For BLI, mice were injected intraperitoneally with 100μl luciferin (40 mg/ml in PBS), anesthetized with 1.5% isoflurane and imaged 15 minutes post-luciferin injection on the IVIS BLI system (Perkin Elmer, Waltham, MA) as previously described^65,66. Signal intensity was quantified as the sum of all detected photons within the region of interest during a 1-minute luminescent integration time. Radiographs were taken using a digital Faxitron MX-20 (Wheeling, IN) at 4x magnification.

Immunohistochemistry

Subcutaneous tumors were fixed in 10% neutral-buffered formalin and paraffin-embedded. Intratibial tumors were decalcified using Cal-Ex II (Fisher Scientific) then fixed in 10% neutral-buffered formalin and paraffin-embedded. Five-micron (5μM) sections were used for immunohistochemistry.

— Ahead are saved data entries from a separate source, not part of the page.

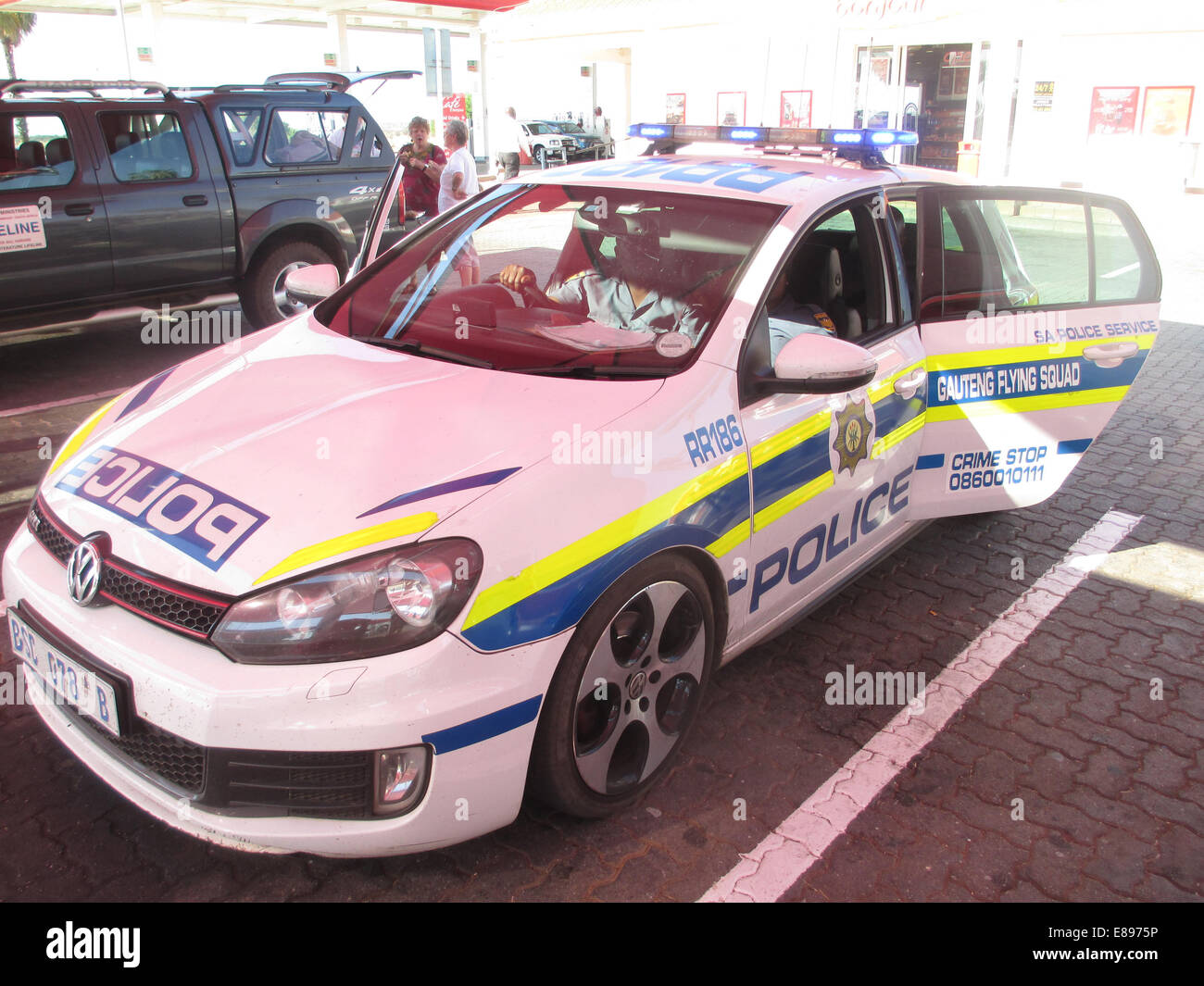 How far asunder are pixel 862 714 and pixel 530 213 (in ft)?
7.12

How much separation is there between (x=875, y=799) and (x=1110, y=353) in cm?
235

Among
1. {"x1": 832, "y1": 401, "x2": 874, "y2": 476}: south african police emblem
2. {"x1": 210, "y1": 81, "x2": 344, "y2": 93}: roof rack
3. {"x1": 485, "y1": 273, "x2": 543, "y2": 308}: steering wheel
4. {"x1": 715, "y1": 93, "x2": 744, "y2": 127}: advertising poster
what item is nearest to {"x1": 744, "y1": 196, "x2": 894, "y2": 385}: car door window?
{"x1": 832, "y1": 401, "x2": 874, "y2": 476}: south african police emblem

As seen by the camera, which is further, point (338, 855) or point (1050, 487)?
point (1050, 487)

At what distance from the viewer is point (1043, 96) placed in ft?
66.8

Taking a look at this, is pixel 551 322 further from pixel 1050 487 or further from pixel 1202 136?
pixel 1202 136

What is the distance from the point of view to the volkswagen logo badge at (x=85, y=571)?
2.18 metres

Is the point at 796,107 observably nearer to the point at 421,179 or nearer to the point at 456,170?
the point at 456,170

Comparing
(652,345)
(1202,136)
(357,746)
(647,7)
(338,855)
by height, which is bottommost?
(338,855)

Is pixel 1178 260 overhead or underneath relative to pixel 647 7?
underneath

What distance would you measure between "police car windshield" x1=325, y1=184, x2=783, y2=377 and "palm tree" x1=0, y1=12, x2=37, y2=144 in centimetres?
4344

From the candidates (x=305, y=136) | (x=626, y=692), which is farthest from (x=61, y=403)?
(x=626, y=692)

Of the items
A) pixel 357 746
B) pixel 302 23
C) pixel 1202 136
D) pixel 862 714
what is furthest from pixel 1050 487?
pixel 302 23

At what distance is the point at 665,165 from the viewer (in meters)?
3.50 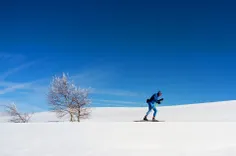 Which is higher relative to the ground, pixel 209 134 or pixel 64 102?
pixel 64 102

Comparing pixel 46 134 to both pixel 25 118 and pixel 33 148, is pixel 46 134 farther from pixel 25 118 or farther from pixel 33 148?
pixel 25 118

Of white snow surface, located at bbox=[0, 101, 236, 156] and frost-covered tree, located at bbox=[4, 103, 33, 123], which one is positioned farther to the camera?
frost-covered tree, located at bbox=[4, 103, 33, 123]

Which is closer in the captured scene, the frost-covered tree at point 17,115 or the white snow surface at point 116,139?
the white snow surface at point 116,139

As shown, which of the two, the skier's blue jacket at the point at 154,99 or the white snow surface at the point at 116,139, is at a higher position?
the skier's blue jacket at the point at 154,99

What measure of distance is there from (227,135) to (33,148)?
267 inches

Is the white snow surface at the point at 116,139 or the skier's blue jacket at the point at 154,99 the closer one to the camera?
the white snow surface at the point at 116,139

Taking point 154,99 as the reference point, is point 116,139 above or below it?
below

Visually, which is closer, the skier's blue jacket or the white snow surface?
the white snow surface

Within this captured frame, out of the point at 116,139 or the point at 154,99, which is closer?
the point at 116,139

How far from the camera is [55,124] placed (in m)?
10.9

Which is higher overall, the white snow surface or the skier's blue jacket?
the skier's blue jacket

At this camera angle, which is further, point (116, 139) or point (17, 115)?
point (17, 115)

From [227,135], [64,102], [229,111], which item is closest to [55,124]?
[227,135]

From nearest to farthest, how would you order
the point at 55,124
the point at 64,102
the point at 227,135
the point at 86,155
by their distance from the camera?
the point at 86,155
the point at 55,124
the point at 227,135
the point at 64,102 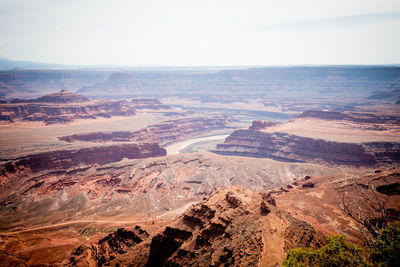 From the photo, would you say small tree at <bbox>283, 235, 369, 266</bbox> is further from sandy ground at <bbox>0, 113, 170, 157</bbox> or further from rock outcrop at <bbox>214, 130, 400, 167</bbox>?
rock outcrop at <bbox>214, 130, 400, 167</bbox>

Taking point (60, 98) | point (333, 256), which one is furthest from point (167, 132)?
point (333, 256)

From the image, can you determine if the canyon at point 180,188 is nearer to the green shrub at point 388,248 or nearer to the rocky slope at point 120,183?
the rocky slope at point 120,183

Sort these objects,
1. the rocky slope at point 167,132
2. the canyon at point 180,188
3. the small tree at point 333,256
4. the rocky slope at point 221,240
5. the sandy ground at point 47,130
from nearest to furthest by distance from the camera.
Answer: the small tree at point 333,256 < the rocky slope at point 221,240 < the canyon at point 180,188 < the sandy ground at point 47,130 < the rocky slope at point 167,132

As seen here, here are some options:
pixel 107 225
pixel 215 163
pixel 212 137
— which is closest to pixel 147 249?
pixel 107 225

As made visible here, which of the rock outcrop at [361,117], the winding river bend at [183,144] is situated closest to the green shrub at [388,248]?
the winding river bend at [183,144]

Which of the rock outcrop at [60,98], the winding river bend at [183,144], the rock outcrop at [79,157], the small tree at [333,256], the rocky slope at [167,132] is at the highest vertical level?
the small tree at [333,256]

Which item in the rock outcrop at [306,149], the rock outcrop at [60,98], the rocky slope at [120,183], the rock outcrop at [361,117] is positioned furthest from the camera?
the rock outcrop at [60,98]

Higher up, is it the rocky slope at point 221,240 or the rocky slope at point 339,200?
the rocky slope at point 221,240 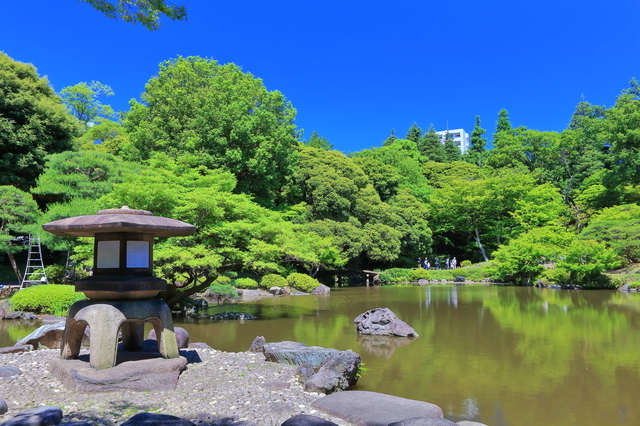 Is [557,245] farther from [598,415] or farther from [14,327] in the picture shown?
[14,327]

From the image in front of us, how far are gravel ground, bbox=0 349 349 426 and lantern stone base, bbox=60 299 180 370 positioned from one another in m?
0.41

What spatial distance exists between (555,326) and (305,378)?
742 centimetres

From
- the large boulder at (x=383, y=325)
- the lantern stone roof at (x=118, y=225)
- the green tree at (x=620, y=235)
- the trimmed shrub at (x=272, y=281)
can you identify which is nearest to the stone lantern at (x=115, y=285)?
the lantern stone roof at (x=118, y=225)

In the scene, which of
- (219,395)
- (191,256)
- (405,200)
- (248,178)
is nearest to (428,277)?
(405,200)

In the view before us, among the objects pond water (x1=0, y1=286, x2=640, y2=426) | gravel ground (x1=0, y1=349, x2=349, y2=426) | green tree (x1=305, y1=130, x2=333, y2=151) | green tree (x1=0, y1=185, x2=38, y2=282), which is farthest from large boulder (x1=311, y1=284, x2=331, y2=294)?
green tree (x1=305, y1=130, x2=333, y2=151)

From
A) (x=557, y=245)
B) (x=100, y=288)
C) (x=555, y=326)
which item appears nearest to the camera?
(x=100, y=288)

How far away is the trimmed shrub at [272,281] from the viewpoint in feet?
64.2

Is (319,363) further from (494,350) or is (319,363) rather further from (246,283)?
(246,283)

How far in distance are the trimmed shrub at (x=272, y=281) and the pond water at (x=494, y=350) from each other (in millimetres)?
4206

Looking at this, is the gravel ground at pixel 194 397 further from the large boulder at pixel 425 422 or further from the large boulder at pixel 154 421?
the large boulder at pixel 425 422

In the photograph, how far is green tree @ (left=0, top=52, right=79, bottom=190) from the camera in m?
18.5

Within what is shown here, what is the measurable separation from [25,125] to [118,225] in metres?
17.8

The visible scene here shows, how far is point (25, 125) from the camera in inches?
754

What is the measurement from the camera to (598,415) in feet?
15.9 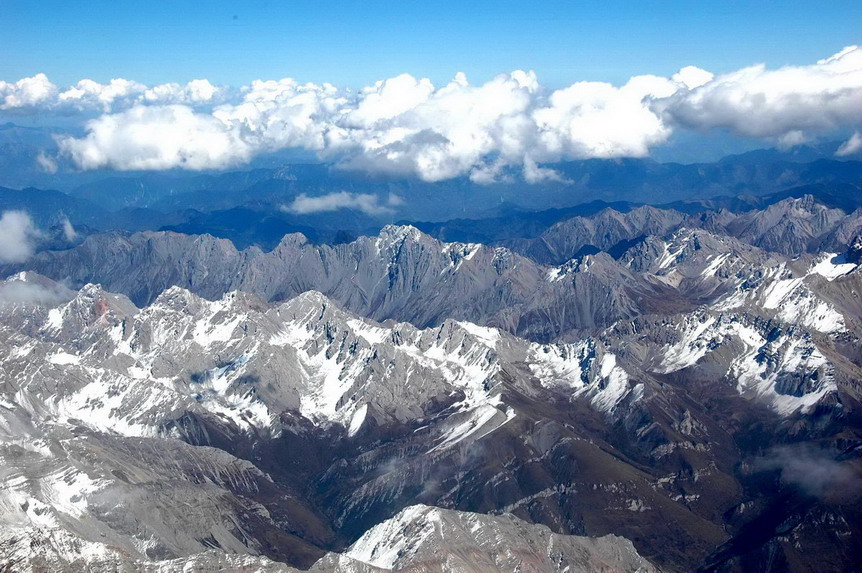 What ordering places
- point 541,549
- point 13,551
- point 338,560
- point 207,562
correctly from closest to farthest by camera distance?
point 13,551, point 207,562, point 338,560, point 541,549

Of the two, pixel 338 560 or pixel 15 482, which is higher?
pixel 15 482

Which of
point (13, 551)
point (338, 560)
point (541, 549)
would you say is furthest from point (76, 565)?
point (541, 549)

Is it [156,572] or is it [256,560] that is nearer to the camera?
[156,572]

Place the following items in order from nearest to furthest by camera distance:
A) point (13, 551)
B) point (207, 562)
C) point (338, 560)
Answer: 1. point (13, 551)
2. point (207, 562)
3. point (338, 560)

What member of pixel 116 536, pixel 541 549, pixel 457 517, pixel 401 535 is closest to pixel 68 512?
pixel 116 536

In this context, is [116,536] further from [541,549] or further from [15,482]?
[541,549]

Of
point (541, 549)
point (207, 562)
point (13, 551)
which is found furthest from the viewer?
point (541, 549)

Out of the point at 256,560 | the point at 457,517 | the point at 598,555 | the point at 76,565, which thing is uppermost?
the point at 76,565

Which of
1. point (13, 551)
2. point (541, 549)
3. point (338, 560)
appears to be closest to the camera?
point (13, 551)

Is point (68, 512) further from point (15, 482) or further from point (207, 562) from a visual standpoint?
point (207, 562) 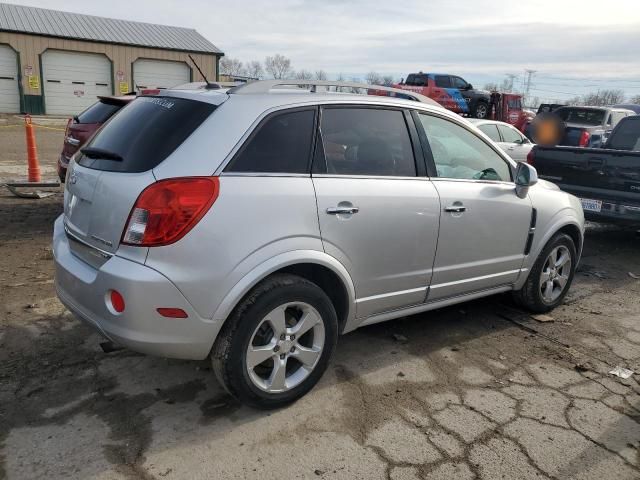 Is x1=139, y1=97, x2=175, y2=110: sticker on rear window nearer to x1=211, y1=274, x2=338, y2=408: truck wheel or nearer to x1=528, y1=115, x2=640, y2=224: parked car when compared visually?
x1=211, y1=274, x2=338, y2=408: truck wheel

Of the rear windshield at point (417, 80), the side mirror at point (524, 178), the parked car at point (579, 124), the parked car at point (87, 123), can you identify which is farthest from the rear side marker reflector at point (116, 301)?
the rear windshield at point (417, 80)

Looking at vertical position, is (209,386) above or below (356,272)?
below

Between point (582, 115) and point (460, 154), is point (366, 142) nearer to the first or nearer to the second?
point (460, 154)

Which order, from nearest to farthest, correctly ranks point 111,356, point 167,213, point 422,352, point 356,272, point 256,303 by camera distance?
point 167,213, point 256,303, point 356,272, point 111,356, point 422,352

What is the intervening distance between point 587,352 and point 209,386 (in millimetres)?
2868

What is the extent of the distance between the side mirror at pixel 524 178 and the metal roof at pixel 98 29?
30.4 m

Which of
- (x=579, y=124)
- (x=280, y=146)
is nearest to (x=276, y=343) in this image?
(x=280, y=146)

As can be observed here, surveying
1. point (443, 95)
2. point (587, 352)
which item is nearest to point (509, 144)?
point (587, 352)

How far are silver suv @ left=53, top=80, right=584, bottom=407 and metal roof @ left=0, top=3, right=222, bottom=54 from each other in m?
30.0

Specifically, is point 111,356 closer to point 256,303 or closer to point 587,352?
point 256,303

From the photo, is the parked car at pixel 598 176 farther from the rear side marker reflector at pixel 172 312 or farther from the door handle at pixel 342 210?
the rear side marker reflector at pixel 172 312

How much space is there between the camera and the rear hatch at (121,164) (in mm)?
2859

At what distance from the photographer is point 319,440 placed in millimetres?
2949

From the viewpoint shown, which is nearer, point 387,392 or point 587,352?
point 387,392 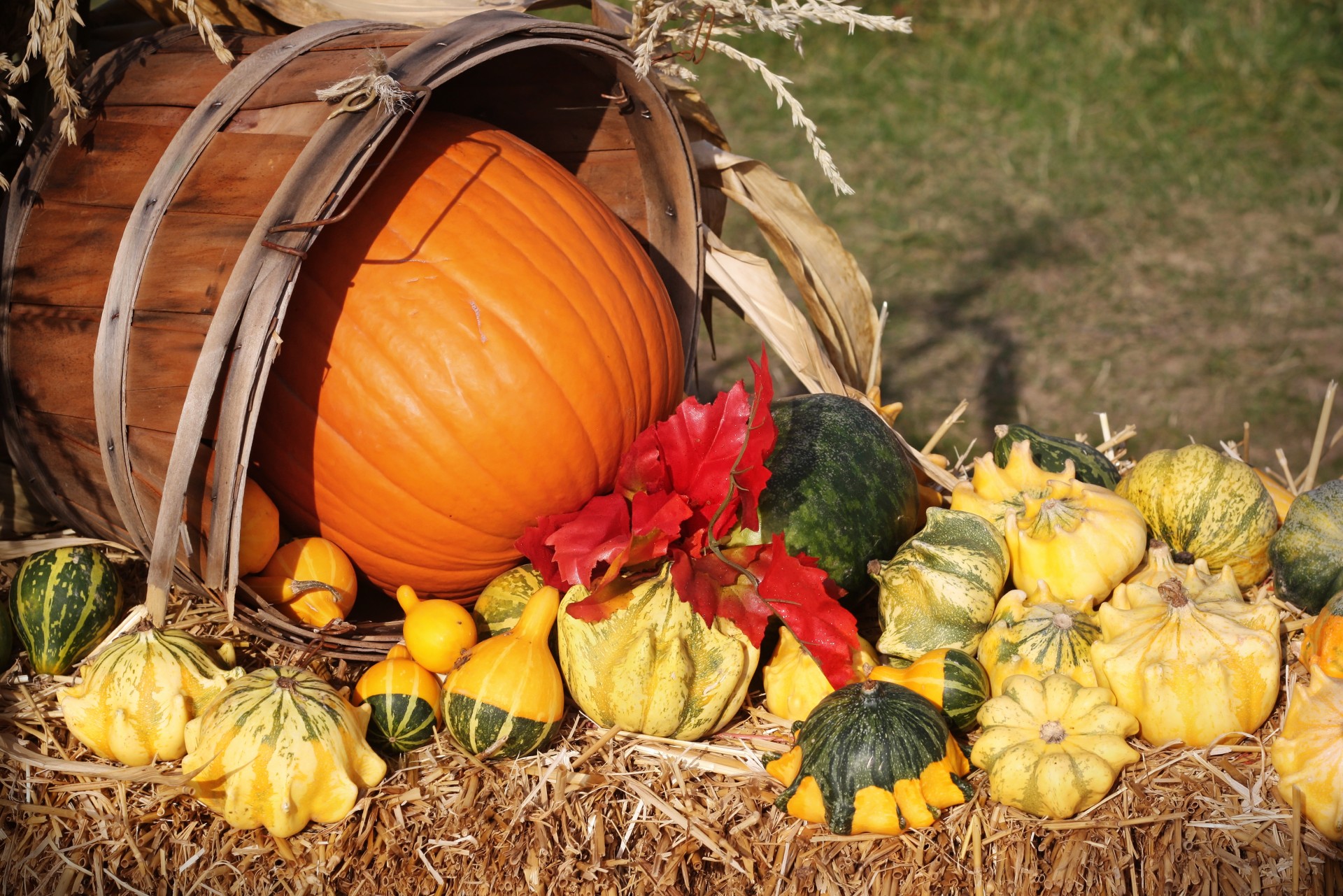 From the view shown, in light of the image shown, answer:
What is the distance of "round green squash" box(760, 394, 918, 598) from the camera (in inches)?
91.7

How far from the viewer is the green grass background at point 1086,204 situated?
5332mm

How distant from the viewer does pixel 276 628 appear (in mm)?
2248

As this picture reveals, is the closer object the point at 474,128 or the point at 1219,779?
the point at 1219,779

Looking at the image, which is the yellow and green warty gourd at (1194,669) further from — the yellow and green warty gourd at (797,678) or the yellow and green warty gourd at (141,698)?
the yellow and green warty gourd at (141,698)

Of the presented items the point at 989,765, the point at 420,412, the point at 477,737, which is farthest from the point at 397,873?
the point at 989,765

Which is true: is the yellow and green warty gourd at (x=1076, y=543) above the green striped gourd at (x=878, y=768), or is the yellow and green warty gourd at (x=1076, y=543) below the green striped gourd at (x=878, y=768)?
above

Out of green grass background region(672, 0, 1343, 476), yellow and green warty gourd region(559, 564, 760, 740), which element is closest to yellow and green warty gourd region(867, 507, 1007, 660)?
yellow and green warty gourd region(559, 564, 760, 740)

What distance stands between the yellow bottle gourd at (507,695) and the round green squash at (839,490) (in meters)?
0.55

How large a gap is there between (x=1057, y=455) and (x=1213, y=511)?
1.24ft

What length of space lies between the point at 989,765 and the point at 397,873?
1125mm

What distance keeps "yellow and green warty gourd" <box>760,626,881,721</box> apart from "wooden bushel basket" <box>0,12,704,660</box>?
2.80 feet

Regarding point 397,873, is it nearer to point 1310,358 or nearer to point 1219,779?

Ki67 (1:500, Santa Cruz Biotechnology), cleaved-caspase 3 (1:300, Cell Signaling Biotechnology) and human EGR1 (1:250, Cell Signaling Technology) were stained using standard methodology. To quantify, five 20x random fields each well were selected for positive staining cells counting. Results are reported as positive staining cells counted per field.

Statistical analysis

Statistical analysis was performed using Prism5 (Graph Software). Sample size was selected based on the ability to detect a difference of greater than 30% change at a power of 80% with p<0.05. Sample size for animal models was based on ability to detect a difference of greater than 20% with a power of 80% at p<0.05. Student’s t-test was used for analysis and p <0.05 was considered as statistically significant. All experiments were repeated independently a minimum of two times.